January 11, 2016

Taoist Meaning

Continuing  to discuss Taoism for the Modern Age...

Let's say I give you two sums: 1+1+1+1+1+1+1+1 and 4+4.  Both sum up to 8, and from a pure arithmetic point of view this means they mean the same thing.

Now let's say that the first expression represents a coach going out and recruiting athletes to make up the eight of the rowing team, and the second expression represents a man with three sons marrying a woman with three daughters (i.e the Brady Bunch).

Either way you end up with eight people. Counting the people, turning them into numbers, and then summing them to a total is an example of reductive meaning. This might be just what you want if you need to fill a block of 8 seats in the theatre, or a table of 8 at a banquet, since any eight people will fill the bill.

But for the purposes of winning at Henley or starting a sitcom, the two groups of 8 are not equivalent.
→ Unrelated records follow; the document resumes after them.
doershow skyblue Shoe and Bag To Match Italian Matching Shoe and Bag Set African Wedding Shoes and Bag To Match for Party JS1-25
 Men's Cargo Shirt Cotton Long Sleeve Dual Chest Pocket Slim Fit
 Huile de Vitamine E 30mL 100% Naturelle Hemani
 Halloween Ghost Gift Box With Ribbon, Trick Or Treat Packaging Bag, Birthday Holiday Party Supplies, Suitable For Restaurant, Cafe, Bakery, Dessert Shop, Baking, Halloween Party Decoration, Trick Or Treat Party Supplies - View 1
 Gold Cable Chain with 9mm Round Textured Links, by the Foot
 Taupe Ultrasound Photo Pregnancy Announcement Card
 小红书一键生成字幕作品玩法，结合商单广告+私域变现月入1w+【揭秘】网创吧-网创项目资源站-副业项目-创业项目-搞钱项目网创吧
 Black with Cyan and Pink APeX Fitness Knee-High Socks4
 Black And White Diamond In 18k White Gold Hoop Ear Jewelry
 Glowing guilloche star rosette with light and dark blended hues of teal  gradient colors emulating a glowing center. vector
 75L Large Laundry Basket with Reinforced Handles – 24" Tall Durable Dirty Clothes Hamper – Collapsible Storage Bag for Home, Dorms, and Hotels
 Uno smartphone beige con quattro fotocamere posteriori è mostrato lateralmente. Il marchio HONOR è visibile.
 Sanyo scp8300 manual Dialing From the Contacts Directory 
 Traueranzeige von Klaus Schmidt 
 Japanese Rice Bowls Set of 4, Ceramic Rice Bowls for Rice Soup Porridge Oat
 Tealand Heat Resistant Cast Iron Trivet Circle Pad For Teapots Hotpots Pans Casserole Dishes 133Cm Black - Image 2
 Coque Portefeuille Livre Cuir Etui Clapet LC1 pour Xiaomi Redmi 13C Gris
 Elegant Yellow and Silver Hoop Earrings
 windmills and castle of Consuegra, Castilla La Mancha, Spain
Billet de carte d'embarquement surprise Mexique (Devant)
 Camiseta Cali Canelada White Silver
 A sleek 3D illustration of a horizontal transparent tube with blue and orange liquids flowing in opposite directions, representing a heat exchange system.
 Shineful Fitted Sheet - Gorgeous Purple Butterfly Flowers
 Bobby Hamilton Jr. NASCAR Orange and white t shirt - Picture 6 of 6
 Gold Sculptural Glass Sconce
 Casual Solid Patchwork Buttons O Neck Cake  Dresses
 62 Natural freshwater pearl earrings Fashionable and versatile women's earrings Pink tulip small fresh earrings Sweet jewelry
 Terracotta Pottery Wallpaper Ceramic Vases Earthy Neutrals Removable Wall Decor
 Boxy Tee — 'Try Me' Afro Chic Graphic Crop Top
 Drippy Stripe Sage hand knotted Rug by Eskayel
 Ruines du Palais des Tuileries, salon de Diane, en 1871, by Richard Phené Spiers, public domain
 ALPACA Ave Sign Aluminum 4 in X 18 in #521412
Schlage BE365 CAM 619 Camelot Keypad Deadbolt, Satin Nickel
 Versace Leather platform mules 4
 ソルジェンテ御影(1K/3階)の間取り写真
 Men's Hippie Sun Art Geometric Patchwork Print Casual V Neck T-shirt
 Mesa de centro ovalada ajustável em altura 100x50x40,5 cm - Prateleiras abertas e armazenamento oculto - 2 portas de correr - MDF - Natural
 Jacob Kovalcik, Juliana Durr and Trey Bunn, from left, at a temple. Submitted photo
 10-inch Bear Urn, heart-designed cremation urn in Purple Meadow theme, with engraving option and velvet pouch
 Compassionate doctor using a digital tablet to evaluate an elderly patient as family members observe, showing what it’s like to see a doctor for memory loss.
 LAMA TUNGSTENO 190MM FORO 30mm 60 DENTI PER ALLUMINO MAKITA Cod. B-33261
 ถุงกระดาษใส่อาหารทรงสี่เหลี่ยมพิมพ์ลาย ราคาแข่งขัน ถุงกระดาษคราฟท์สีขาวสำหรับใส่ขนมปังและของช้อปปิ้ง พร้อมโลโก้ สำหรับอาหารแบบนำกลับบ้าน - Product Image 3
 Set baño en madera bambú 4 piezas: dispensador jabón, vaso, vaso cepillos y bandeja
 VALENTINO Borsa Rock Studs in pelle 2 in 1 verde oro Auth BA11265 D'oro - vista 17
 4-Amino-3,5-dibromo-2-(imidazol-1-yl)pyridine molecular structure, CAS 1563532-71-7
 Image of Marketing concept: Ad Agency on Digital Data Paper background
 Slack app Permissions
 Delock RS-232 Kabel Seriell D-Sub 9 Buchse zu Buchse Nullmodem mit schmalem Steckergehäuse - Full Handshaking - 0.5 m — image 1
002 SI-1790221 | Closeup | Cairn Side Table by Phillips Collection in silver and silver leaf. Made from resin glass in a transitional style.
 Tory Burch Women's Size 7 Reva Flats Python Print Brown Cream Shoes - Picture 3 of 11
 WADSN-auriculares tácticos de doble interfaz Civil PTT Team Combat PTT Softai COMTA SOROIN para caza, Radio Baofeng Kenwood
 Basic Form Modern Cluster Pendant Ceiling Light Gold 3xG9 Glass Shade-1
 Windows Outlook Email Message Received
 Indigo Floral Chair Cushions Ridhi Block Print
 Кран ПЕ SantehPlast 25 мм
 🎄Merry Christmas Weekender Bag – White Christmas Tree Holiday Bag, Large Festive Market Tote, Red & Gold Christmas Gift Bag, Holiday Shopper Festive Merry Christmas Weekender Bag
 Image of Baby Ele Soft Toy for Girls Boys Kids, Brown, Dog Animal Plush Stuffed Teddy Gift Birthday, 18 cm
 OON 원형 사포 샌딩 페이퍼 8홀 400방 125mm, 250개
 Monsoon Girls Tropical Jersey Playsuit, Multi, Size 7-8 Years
A lot of detail about the full picture gets eliminated when you sum things up into a simplified whole.

Language is also reductive in a similar way to arithmetic.  When I call the first eight people as "a rowing team", I focus on a subset of the attributes of those people, and I lose the fact that one of them is, say, called Fred and is a fanatical supporter of Manchester United.  When I call the second eight people as a "blended family", I may lose the information that Jan is jealous of the attention her older sister Marcia receives.

Any reality is much more complex than any description of it.  The limitations of our minds and of our language require us to reduce what we experience to such descriptions.  For this reason, we need to remind ourselves that we never have the whole picture if we want to remain in touch with reality.

While it may be convenient for a focused purpose to reduce things down to a simpler description, the true meaning of things can only ever be in their full, indescribable complexity.